When do you need to explicitly call std::move and when not in cpp?

Question

I'm working through Stroustrup's "Tour of C++ v2". It's certainly not a C++ beginner's book, but enjoyable.

I've had a google and look through SO but no joy on this one.

Now, I thought I understood when the compiler can utilise a move constructor, but clearly I don't. Here I show the move constructor and the function that I thought would use it. It doesn't. Only if I explicitly use std::move. Why is this? My understanding was that the local r would be "moved" implicitly on return.

template<typename T>
Vector<T>::Vector(Vector<T> && a) // move constructor
     :elem{a.elem},sz{a.sz}{
     a.elem=nullptr;
     a.sz=0;
}

template<typename T>
Vector<T> moveVectorAfterAdd(const Vector<T> &  v1, const Vector<T> & v2){
     Vector<T> r =   v1+v2;
     return std::move(r);
     //return r;
}

int main(void) {
     Vector<double> v1(1);
     Vector<double> v2=v1;
     Vector<double> v3=v2;

     Vector<double> v4=moveVectorAfterAdd(v1,v2);

     return 0;
}

(As a side note, lldb won't let me even set a break point in the move constructor despite compiling with no optimizations if I don't actually use std::move.)

Any and all clarifications gladly received!

Answer 1

When do you need to explicitly call std::move and when not in cpp?

In short, and technically precise words: Use std::move when you have an lvalue that you want to be an rvalue.

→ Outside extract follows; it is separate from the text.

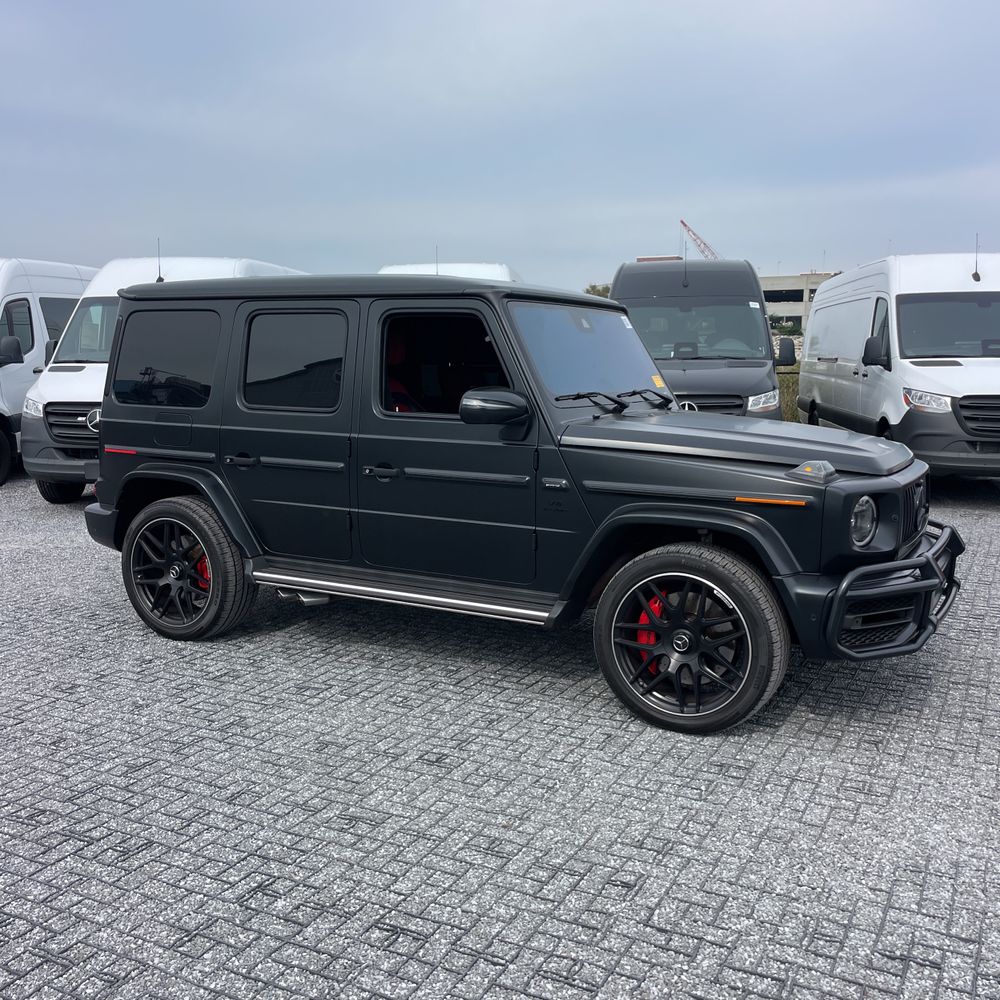 2021 Mercedes-Benz G-Class AMG G 63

More practically: You would want to do that when there is a copy that you want instead to be a move. Hence the name std::move.

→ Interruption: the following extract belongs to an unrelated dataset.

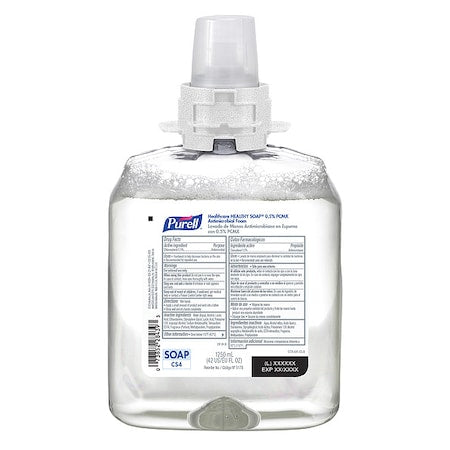 1,250 mL Foam Hand Soap Cartridge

In the example, you return an automatic variable. There is no copy that can be avoided by using std::move because in the special case of returning an automatic variable, there will be a move even from an lvalue.

Here I show the move constructor and the function that I thought would use it. It doesn't.

Just because there is a move in the abstract machine, doesn't necessarily mean that there would be a call to the move constructor. This is a good thing because doing nothing can potentially be faster than calling the move constructor.

This is known as (Named) Return Value Optimization. Or more generally copy elision. Using std::move inhibits this optimization, so not only is it unnecessary in this case, but it is also counter productive.